[WORK TASK]:
An exact copy is required of every line from the one with "4. Karl Lagerfeld" through the end of the data below, and the pictures must stay out of it.

[DATA EXCERPT]:

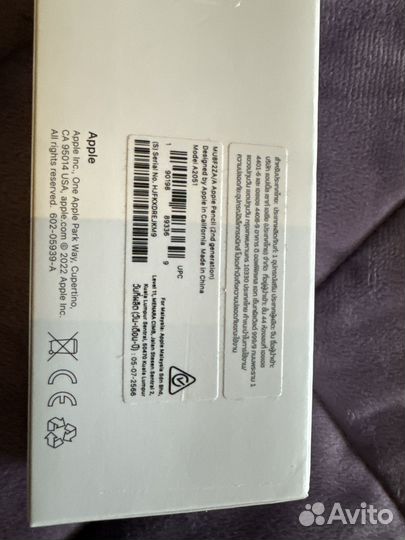 Новый Apple pencil 2 generation model A2051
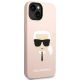 4. Karl Lagerfeld Silicone Karl's Head MagSafe Case for iPhone 14 Plus - Light Pink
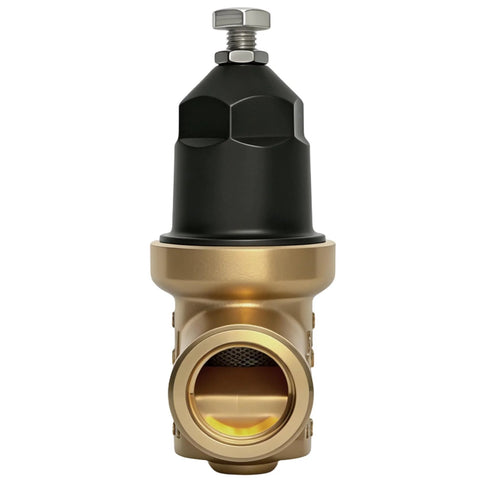 Front view of 1-inch NR3XLDU water pressure reducing valve with brass body and black top adjustment cap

[REPLY]:
 4. Karl Lagerfeld Silicone Karl's Head MagSafe Case for iPhone 14 Plus - Light Pink
 Front view of 1-inch NR3XLDU water pressure reducing valve with brass body and black top adjustment cap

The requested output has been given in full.